Da mesma forma, entendemos esse ataque como resultado das políticas sociais do governo atual, que dividem e corrompem destruindo o tecido social das comunidades e povos em nosso país e,
em particular, em Chiapas. Olhamos com preocupação que programas como “Sembrando Vida” – com praticamente o mesmo orçamento que o do Ministério de Agricultura – e outros similares, propiciam a comunidades historicamente desapropriadas de suas terras e direitos serem utilizadas como mecanismos de controle político e moeda de troca para que organizações como a ORCAO acessem aos supostos benefícios outorgados por esses programas, à custa do roubo das terras recuperadas pelas comunidades autônomas zapatistas. Está claro para nós que não se trata de conflitos entre povos; é sim uma ação de contra-insurgência que visa destruir o EZLN e todas as
comunidades e povos que continuam lutando por uma vida digna.
Nós, que assinamos esta carta, o fazemos para convocar aqueles que acreditam que a dignidade e a palavra devem se levantar para parar o massacre que se pressagia; para convocar aos que concordam com o atual governo mexicano a abrir o coração para as injustiças que permeiam o presente nosso país, para além de suas afinidades ou simpatias políticas; para que nos encontremos nesta necessidade de agir com o propósito comum de deter esta atrocidade.

Assinamos esta carta porque vemos a urgência de acabar com a violência paramilitar em Chiapas, porque não fazê-lo significa deixar o México mergulhar ainda mais nesta guerra sem fim que o está
dilacerando. Exigimos justiça para Jorge López Santiz.

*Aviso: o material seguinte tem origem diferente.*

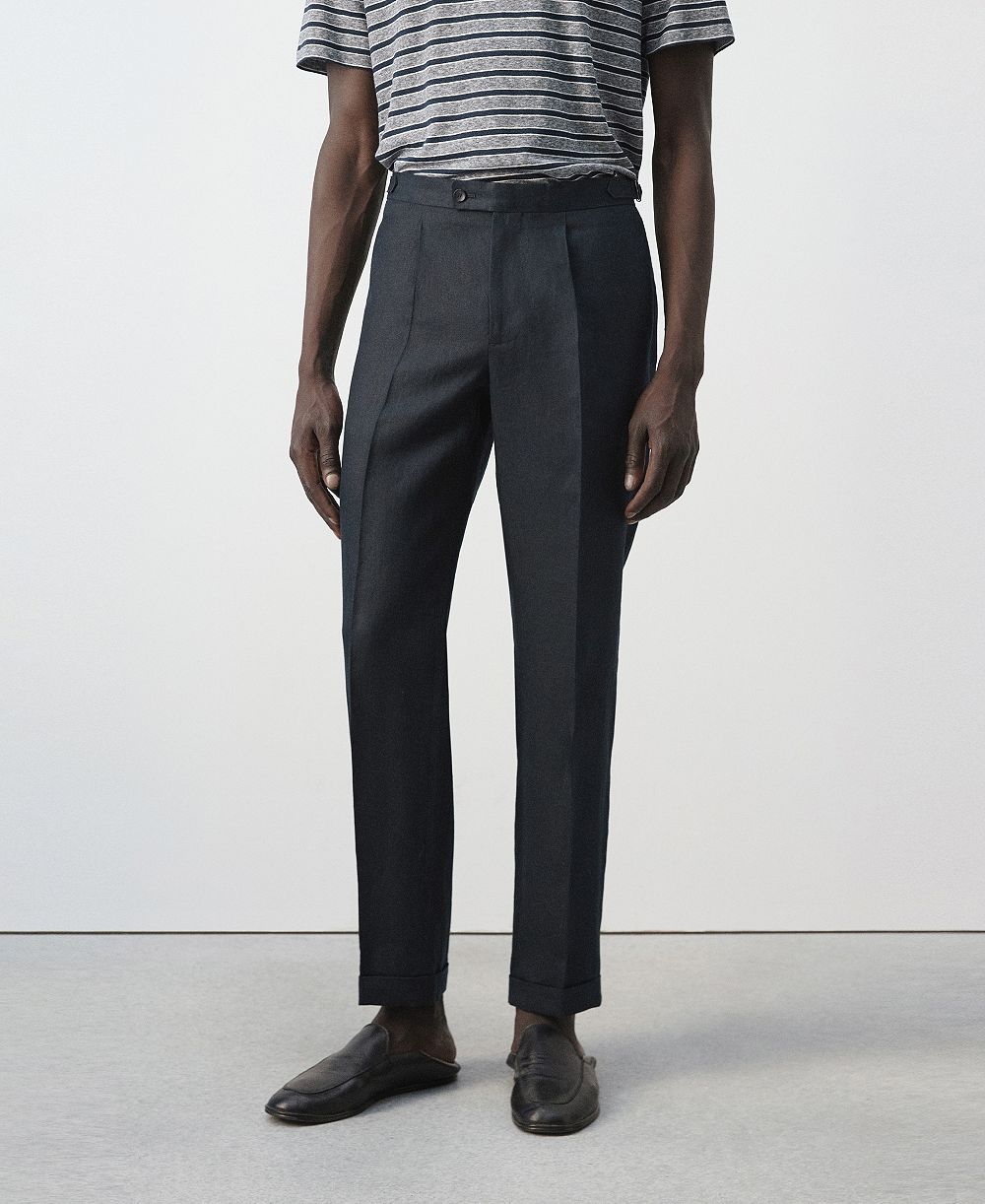 Mango Men's Adjustable Bands Linen Suit Pants
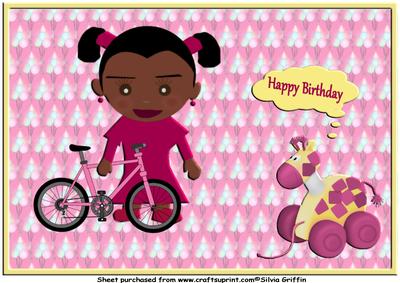 Multi Cultural Girl with a Bike A4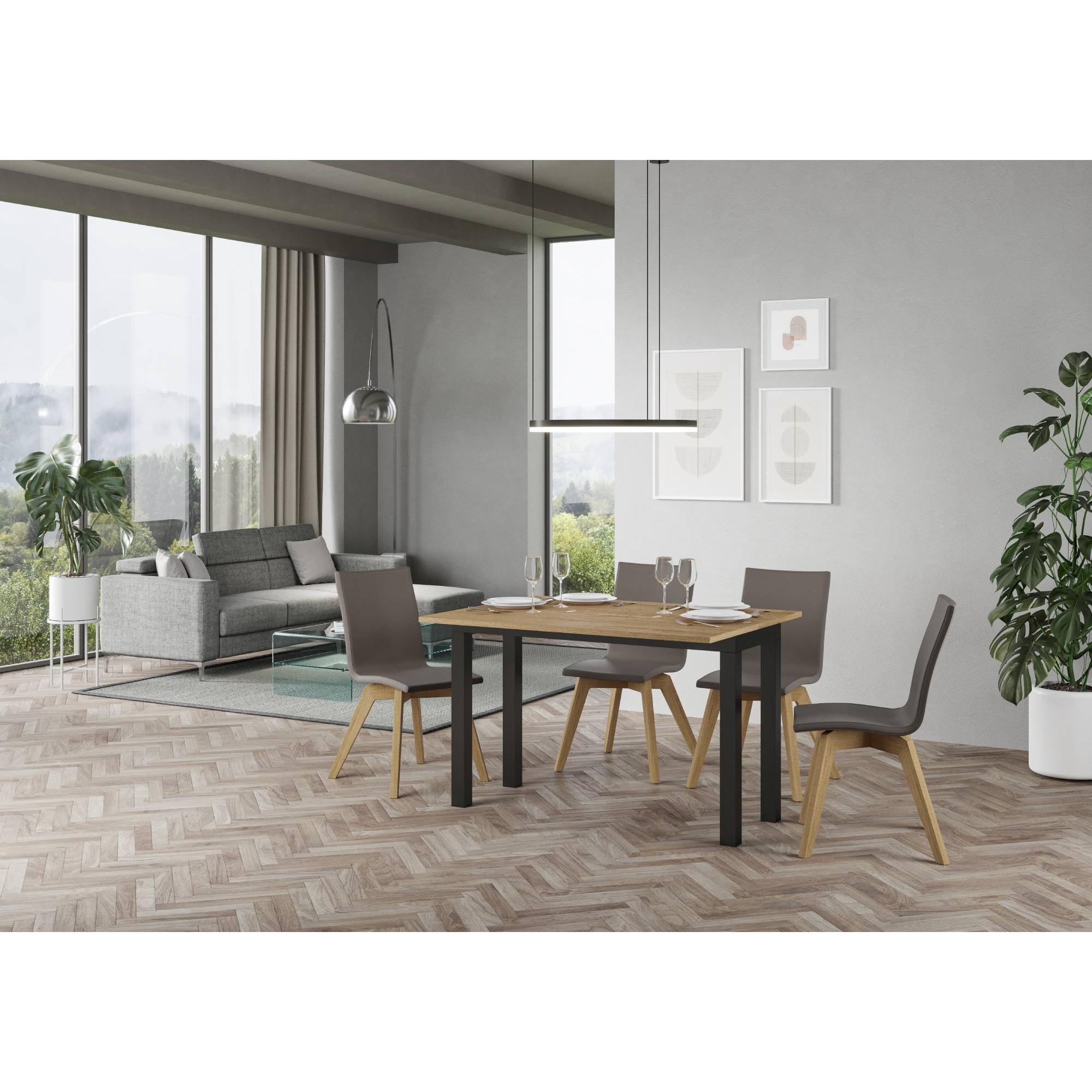 Mesa tipo libro 120/200x45/90 cm Everyday Double Roble Natural estructura Antracita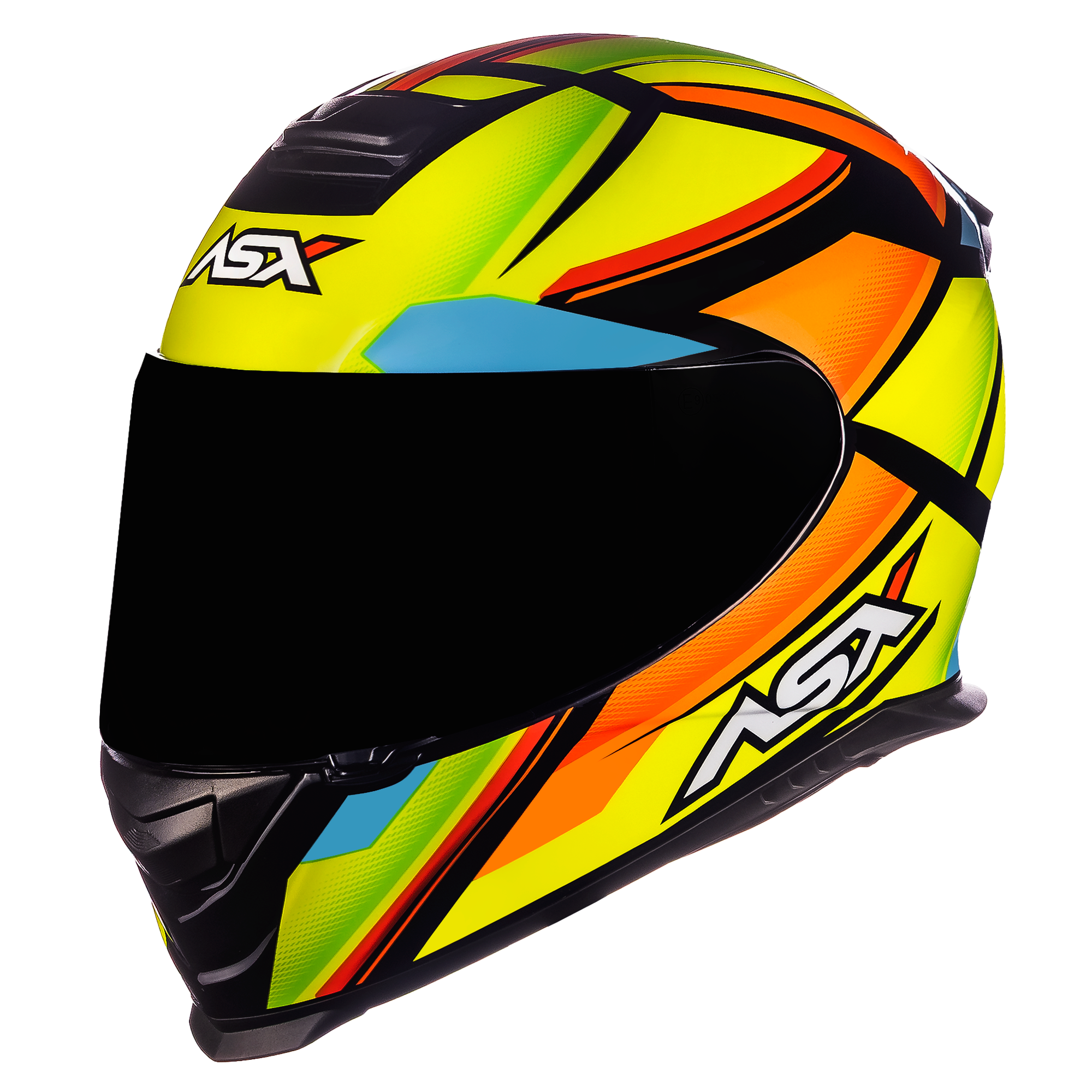 Capacete ASX Eagle Explorer Brilho Preto/Amarelo/Laranja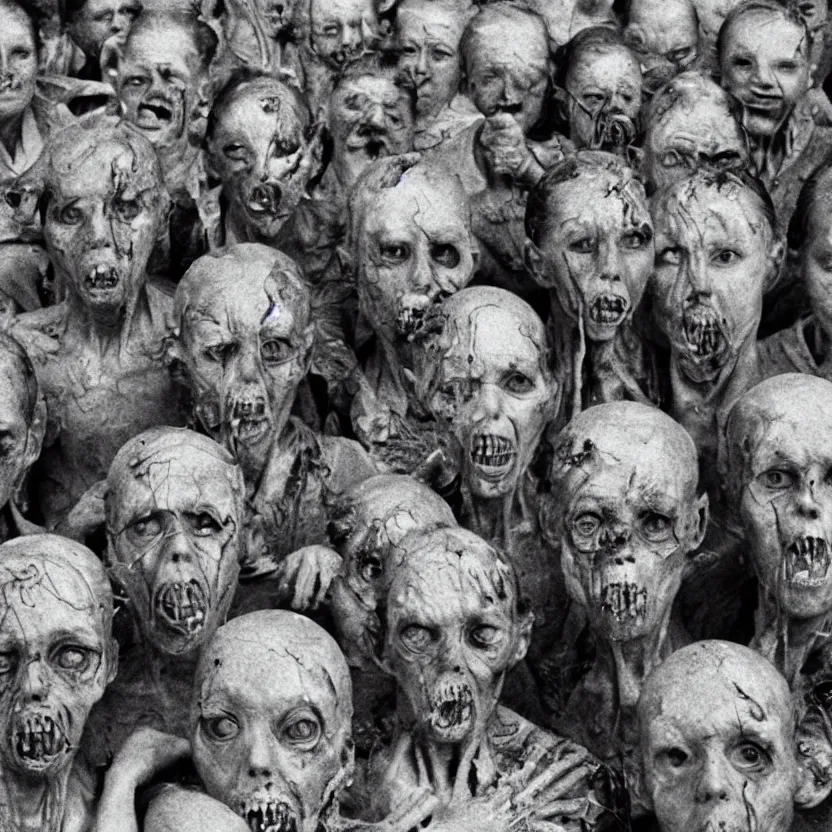 Image similar to group of deformed irradiated people with acute radiation sickness flaking, melting, rotting skin wearing 1950s clothing background a 1950s nuclear wasteland. Photo is black and white award winning photo highly detailed, highly in focus, highly life-like, facial closeup taken on Arriflex 35 II, by stanley kubrick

Exigimos a dissolução absoluta da ORCAO. Exigimos que o governo de Rutilio Escandón seja investigado minuciosamente. Exigimos que o
silêncio de López Obrador deixe de ser cúmplice da violência em Chiapas.

Coletando as demandas apresentadas pelo Congresso Nacional Indígena, exigimos:

  1. Que seja garantida a saúde do companheiro Jorge e que lhe seja prestada toda a atenção necessária e pelo tempo necessário.
  2. Que se detenha o ataque armado contra a comunidade Moisés Gandhi e se respeite seu território autônomo.
  3. Que sejam punidos os autores materiais e intelectuais desses ataques paramilitares.
  4. Que sejam desmantelados os grupos armados através dos quais se mantem ativa e crescente a guerra contra as comunidades zapatistas. Exigimos também a libertação imediata de Manuel Gómez, base de apoio do EZLN, cuja prisão injusta não esquecemos. Com a CNI, alertamos que a guerra que eles declararam aos povos originários, guardiões da Mãe Terra, nos obriga a agir de forma organizada para frear a violência que cresce e restabelecer nossa conexão e cuidado com a Vida.

Convocamo-nos a manifestar-nos nas ruas, embaixadas e consulados, centros de estudos e locais de trabalho, nas redes sociais; onde for possível e imprescindível, contra a violência militar, paramilitar e o crime organizado e em defesa da Vida.

Nos convocamos e convocamos vocês a unir esforços para tecer um dia de ações deslocadas de 27 de maio a 10 de junho com uma ação coordenada nacional e internacional em 8 de junho.

Contra a guerra aos povos zapatistas.